What the task asks →
Pictures left aside, return the lines below exactly, from the one with "Used 2025 Jeep" to the end, including both ends.

Recorded data →
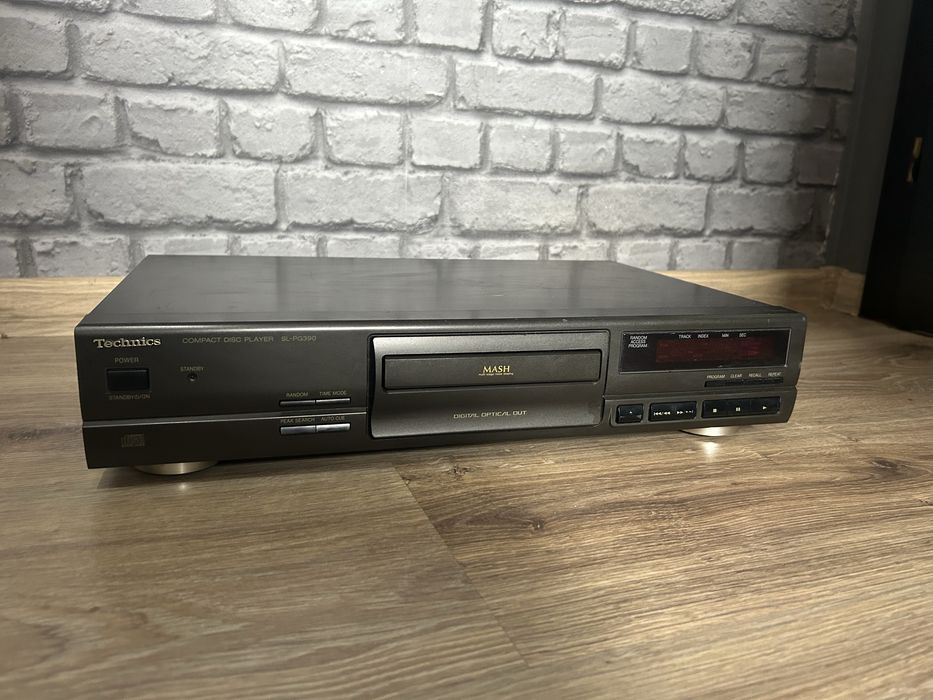 Odtwarzacz CD Technics SL-PG390
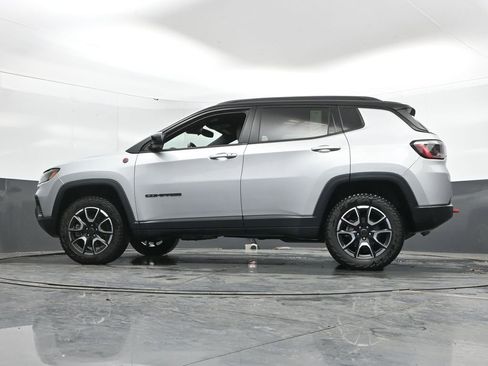 Used 2025 Jeep Compass Trailhawk w/ Trailer Tow Group image 51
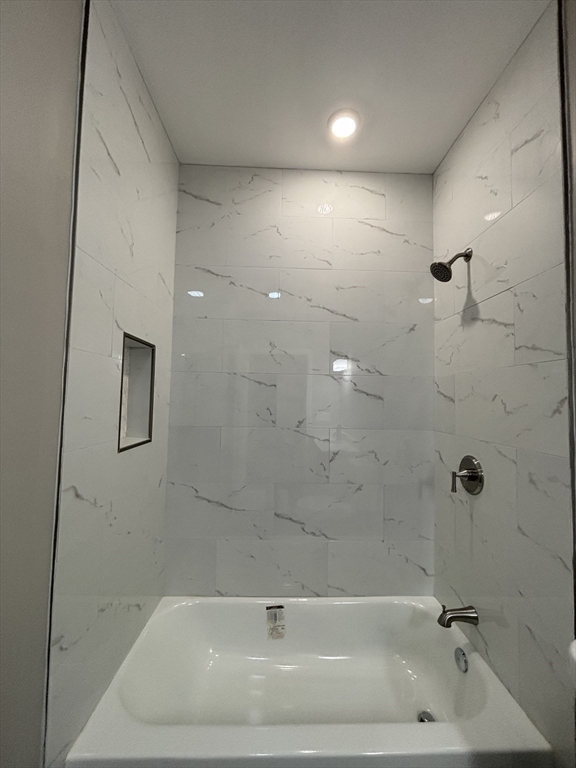 13 Nahant Street, Unit 4B Lynn, MA 01902 - Photo 26 of 39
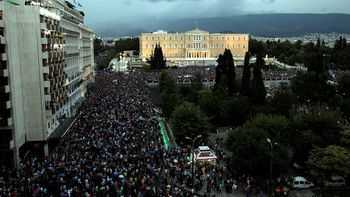 ¿por que grecia entro en mora y no en default? ¿por que grecia entro en mora y no en default?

Your response →
 Used 2025 Jeep Compass Trailhawk w/ Trailer Tow Group image 51
 13 Nahant Street, Unit 4B Lynn, MA 01902 - Photo 26 of 39
 ¿por que grecia entro en mora y no en default? ¿por que grecia entro en mora y no en default?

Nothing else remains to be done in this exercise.